Nombre de ces actions, presque impossibles à décrire sans démonstration manuelle ou schéma, n'en possèdent pas moins des mots attitrés, sinon pour les expliquer, du moins pour les nommer : signe de l'étroite et très ancienne intelligence entre savoirfaire et savoir-dire.
Dès lors, Hermès se voit l'un des dépositaires privilégiés d'un patrimoine linguistique original. Mots forgés dans l'atelier, certains termes n'en ayant guère quitté le cercle clos, parfois absents des dictionnaires, d'origine souvent obscure, familiers ou quasi ésotériques, onomatopées aisées à traduire, ou syllabes hermétiques aux néophytes, quelques-uns rares ou même disparus, d'autres de fraîche ou naïve invention, ils composent un vocabulaire à part, savoureux, expressif, que la longue mémoire artisanale a pétri, l'usage patiné, les fantaisies de la transmission orale revisité, thésaurus où butineront les linguistes, les sociologues, les curieux et les poètes.
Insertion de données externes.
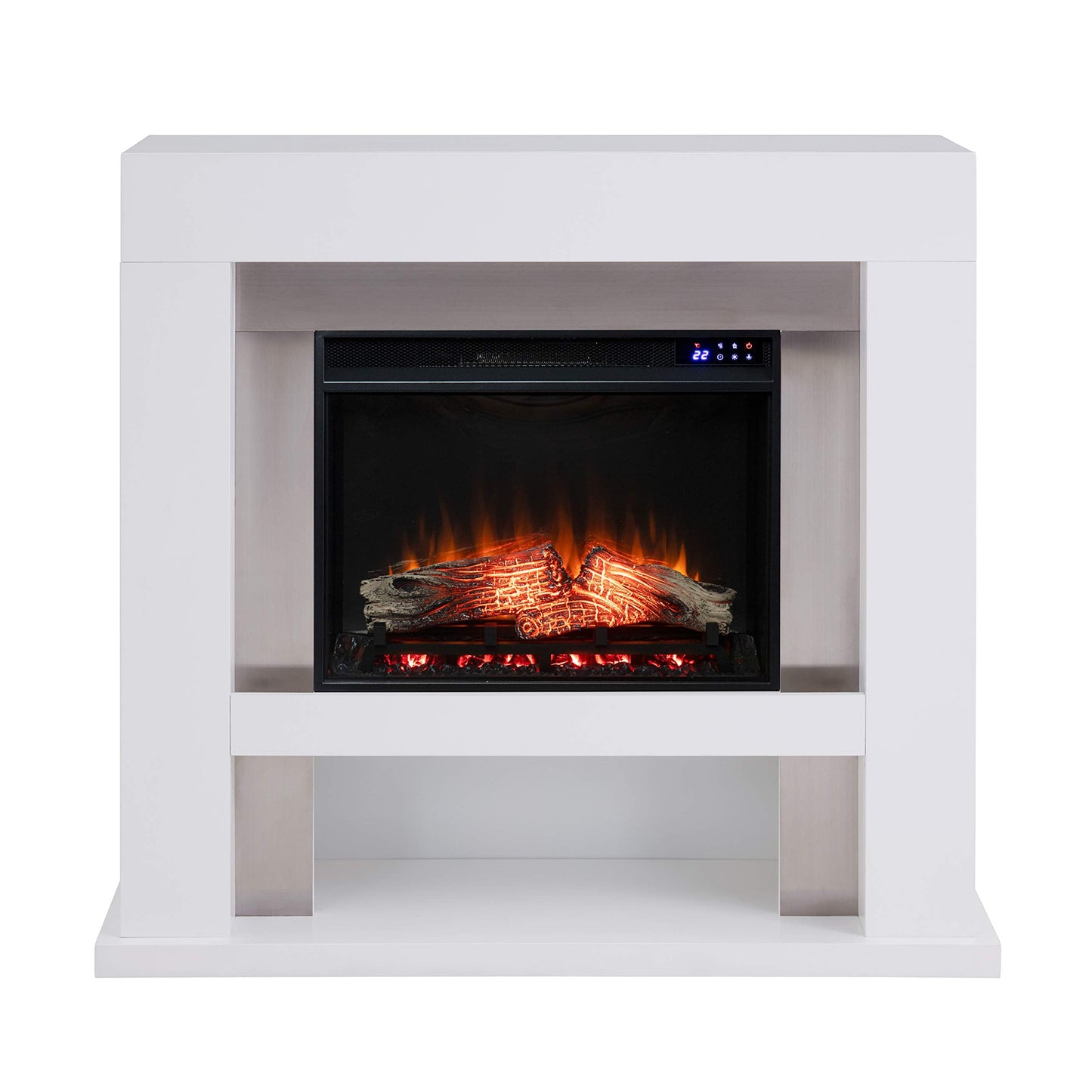 SEI Furniture - Lirrington Stainless Steel Touch Screen Electric Fireplace - Transitional Design, Grey Glass and Wood - Ideal for Living Room, Bedroom (FR1028059)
Pour la première fois, Hermès laisse parler à livre ouvert ces mots de la tribu, choisissant de cueillir cent verbes, confiés à la plume inventive et inspirée d'Olivier Saillard. D'abat-carrer à visiter, en passant par décreuser, chipoter, bichonner, gratte-bosser, insculper, liéger, marier, planer, palissonner, putoiser, rétreindre, roulotter ou sabrer, une grande liberté a été donnée à cet amoureux des mots, connaisseur des plis intimes de la mode, de jouer des cocasseries, des correspondances, des glissements de sens, des syllogismes - jusqu'aux non-sens qu'il faut bien pointer (ainsi «doubler» qui signifie tripler pour le maroquinier, ou «frapper», le geste du doreur, dont la main se garde bien de frapper) - par lesquels ces termes nous tendent le miroir d'un monde surprenant. Avec intelligence, érudition, poésie, ironie et tendresse, Olivier Saillard croise anecdotes et observations, pour nous livrer, plutôt qu'un portrait, une somme de détails et de richesses, en manière de pamphlet - bienveillant pour autant - sur la mode, ses pratiques et ses métiers. Acts Sud a conçu sous la forme d'un opuscule simple et élégant ce vagabondage en tous sens au pays des gestes d'Hermès.